In the entries below, begin at the line with "Joyful asian young-adult" and stop after the line with "Busy main street"; output those lines exactly and omit the pictures.

ENTRIES SHOWN:
++++++
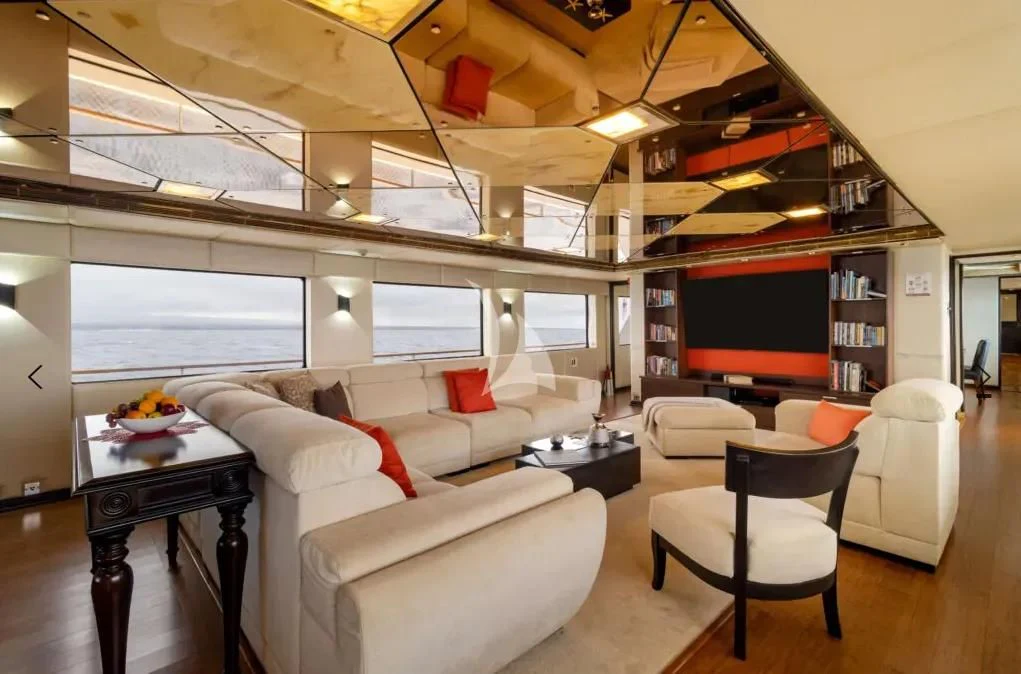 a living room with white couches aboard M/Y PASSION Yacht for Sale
++++++
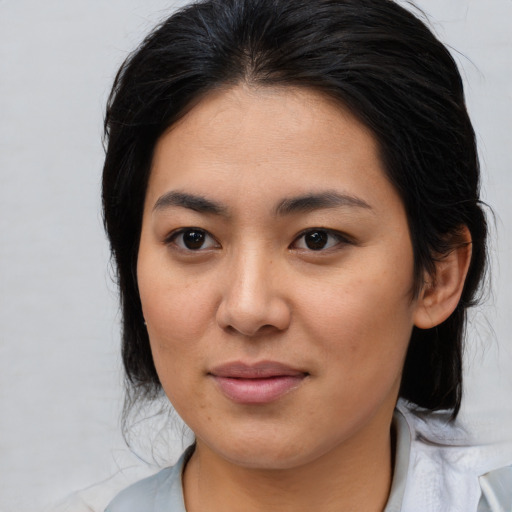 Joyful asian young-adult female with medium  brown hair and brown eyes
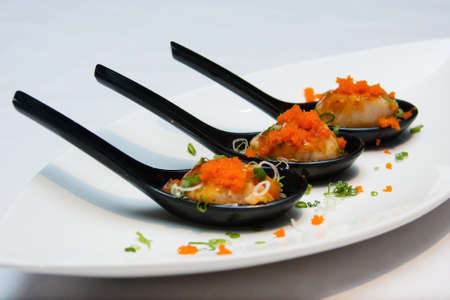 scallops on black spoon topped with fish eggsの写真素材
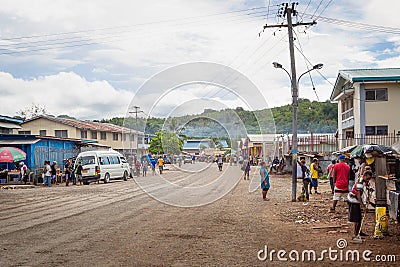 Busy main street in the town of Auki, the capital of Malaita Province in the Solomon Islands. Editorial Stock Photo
++++++
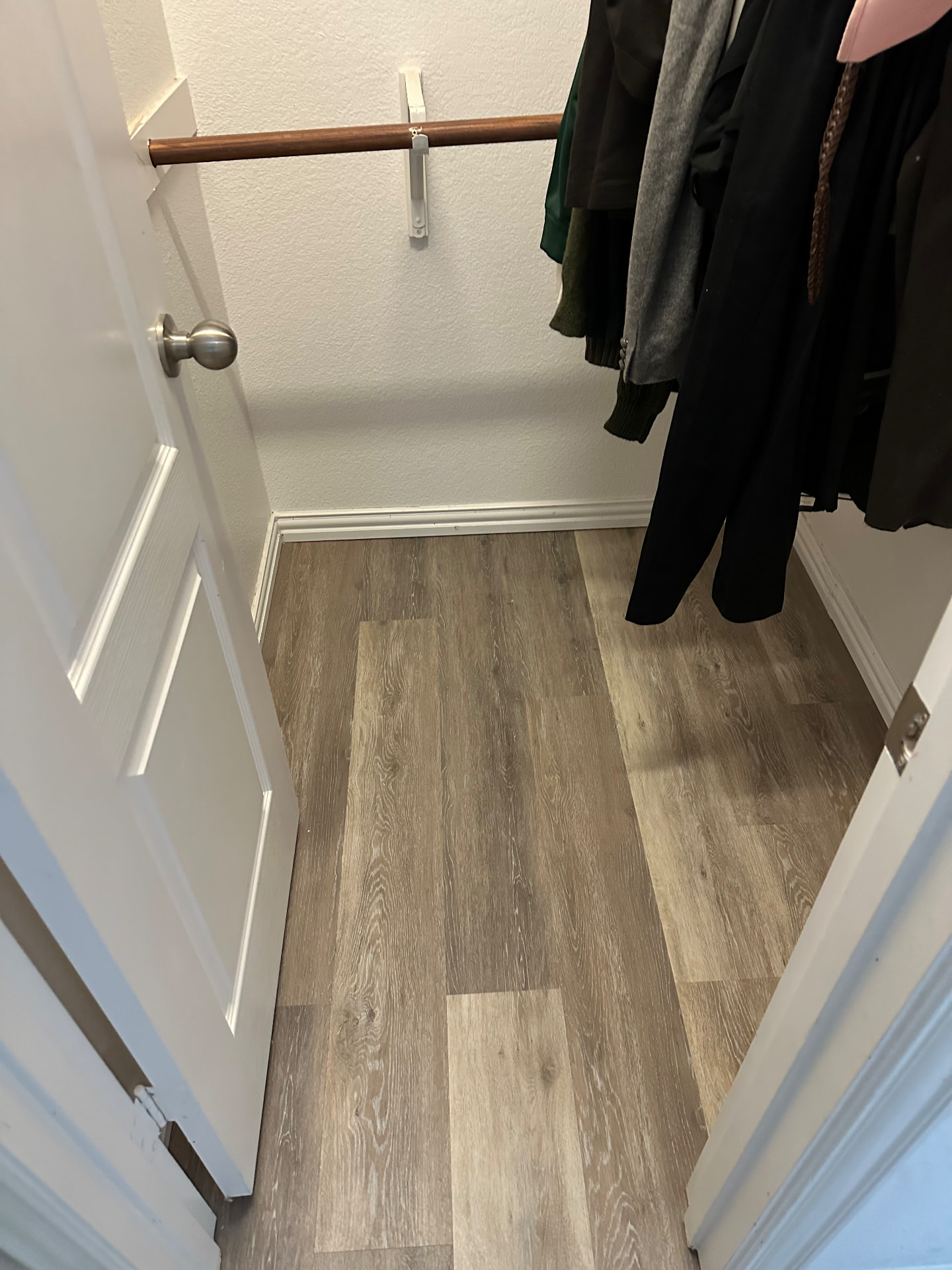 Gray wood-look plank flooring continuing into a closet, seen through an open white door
++++++
EXERCISE ANSWER:
 Joyful asian young-adult female with medium  brown hair and brown eyes
 scallops on black spoon topped with fish eggsの写真素材
 Busy main street in the town of Auki, the capital of Malaita Province in the Solomon Islands. Editorial Stock Photo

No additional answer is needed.